A mid-June Badger Poll, conducted by the University of Wisconsin-Madison, finds the vast majority of Wisconsin residents are quite pessimistic about both national politics as well as the direction of the nation.
Only 33 percent of Wisconsinites are satisfied with the direction of the United States—virtually the same results found by the Badger Poll in a survey conducted in a late October 2006 (32 percent) in advance of that fall’s general election. Sixty-three percent are disatisfied.
In addition to having strong concerns about foreign policy and the situation in Iraq, Badger State residents have a particularly sour view about the state of the nation’s economy, with only 16 percent expecting economic conditions to get better during the next year, while more than double that amount (37 percent) expecting it to get worse. National economic forecasting was much rosier for Wisconsinites in March 2002 (56 percent ‘better’), October 2004 (46 percent) and May 2005 (31 percent).

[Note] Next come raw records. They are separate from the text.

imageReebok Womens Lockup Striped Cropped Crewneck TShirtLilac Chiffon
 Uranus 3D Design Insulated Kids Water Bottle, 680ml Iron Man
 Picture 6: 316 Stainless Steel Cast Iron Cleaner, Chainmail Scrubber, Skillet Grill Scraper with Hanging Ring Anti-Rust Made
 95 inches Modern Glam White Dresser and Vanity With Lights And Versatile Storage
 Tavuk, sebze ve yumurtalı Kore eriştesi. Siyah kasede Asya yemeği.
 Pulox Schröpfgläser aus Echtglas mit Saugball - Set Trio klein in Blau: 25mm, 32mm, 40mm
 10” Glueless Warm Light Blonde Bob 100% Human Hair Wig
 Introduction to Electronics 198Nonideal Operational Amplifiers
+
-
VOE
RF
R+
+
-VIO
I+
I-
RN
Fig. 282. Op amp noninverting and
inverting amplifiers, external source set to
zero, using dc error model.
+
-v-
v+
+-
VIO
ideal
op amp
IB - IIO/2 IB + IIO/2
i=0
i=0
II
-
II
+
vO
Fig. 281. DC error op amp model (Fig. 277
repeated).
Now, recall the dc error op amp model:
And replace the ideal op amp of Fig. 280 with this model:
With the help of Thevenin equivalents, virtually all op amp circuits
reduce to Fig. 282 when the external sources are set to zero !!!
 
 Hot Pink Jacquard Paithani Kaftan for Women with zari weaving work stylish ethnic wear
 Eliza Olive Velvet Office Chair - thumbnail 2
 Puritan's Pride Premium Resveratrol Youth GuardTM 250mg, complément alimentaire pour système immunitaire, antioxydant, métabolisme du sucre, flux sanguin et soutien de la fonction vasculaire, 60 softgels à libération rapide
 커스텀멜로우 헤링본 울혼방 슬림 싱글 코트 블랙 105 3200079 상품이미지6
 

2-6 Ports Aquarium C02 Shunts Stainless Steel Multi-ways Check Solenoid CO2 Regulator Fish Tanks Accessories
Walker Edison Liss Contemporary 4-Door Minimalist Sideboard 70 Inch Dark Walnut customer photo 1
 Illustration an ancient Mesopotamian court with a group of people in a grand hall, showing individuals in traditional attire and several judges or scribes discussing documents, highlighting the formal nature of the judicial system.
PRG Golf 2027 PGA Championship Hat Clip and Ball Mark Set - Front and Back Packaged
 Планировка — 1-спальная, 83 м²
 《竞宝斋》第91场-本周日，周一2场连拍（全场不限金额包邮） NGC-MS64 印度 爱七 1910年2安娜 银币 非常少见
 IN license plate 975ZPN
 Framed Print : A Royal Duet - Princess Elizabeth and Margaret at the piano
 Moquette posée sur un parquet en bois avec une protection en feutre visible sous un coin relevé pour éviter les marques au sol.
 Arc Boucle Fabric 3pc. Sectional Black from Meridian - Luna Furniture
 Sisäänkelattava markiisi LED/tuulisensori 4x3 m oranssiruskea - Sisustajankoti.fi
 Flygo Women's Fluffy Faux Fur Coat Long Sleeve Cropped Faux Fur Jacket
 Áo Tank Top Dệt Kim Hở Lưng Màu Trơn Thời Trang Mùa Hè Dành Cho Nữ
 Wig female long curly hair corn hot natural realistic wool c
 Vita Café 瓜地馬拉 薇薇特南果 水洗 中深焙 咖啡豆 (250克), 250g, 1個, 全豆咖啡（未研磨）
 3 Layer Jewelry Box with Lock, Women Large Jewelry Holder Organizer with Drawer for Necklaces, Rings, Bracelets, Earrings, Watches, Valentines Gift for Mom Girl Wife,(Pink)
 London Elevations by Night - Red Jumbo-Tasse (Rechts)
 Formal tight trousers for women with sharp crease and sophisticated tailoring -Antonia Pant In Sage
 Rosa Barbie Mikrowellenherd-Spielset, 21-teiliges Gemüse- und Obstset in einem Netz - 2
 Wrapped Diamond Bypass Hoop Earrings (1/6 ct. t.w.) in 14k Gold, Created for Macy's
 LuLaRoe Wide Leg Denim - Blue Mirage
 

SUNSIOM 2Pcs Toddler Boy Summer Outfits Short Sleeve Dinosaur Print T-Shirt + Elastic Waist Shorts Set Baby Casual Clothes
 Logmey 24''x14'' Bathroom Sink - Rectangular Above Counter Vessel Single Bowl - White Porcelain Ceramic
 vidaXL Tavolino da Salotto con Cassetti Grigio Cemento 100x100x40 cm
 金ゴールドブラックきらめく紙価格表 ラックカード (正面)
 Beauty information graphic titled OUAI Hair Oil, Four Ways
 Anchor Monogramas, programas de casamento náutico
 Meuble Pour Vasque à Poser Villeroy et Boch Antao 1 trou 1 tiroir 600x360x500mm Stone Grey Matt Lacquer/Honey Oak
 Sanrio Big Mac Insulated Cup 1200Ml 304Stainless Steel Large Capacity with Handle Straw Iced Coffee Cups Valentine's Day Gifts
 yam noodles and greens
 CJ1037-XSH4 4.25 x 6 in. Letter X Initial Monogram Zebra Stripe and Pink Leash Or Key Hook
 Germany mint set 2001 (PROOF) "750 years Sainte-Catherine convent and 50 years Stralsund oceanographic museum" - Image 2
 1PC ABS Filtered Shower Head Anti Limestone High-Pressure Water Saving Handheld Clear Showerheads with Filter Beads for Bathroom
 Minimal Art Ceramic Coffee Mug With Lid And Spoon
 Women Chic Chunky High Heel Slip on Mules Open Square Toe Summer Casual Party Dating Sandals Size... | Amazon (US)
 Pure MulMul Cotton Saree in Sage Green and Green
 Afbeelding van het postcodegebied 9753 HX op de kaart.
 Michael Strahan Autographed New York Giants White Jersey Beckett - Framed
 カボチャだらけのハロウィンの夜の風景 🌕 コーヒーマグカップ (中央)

President Bush’s approval rating—at 30 percent—mirrors that found in several recent polls both nationally and in the state of Wisconsin. However, although Congress gets fairly low marks nationally, at 41 percent Wisconsinites have much a higher approval rating of the legislative branch. The poll also found that by more than a four-to-one margin, Wisconsin residents believe the level of ethics and honest in Washington, D.C. has fallen (45 percent) during the Bush presidency compared to risen (10 percent). About half (44 percent) feel things have stayed about the same.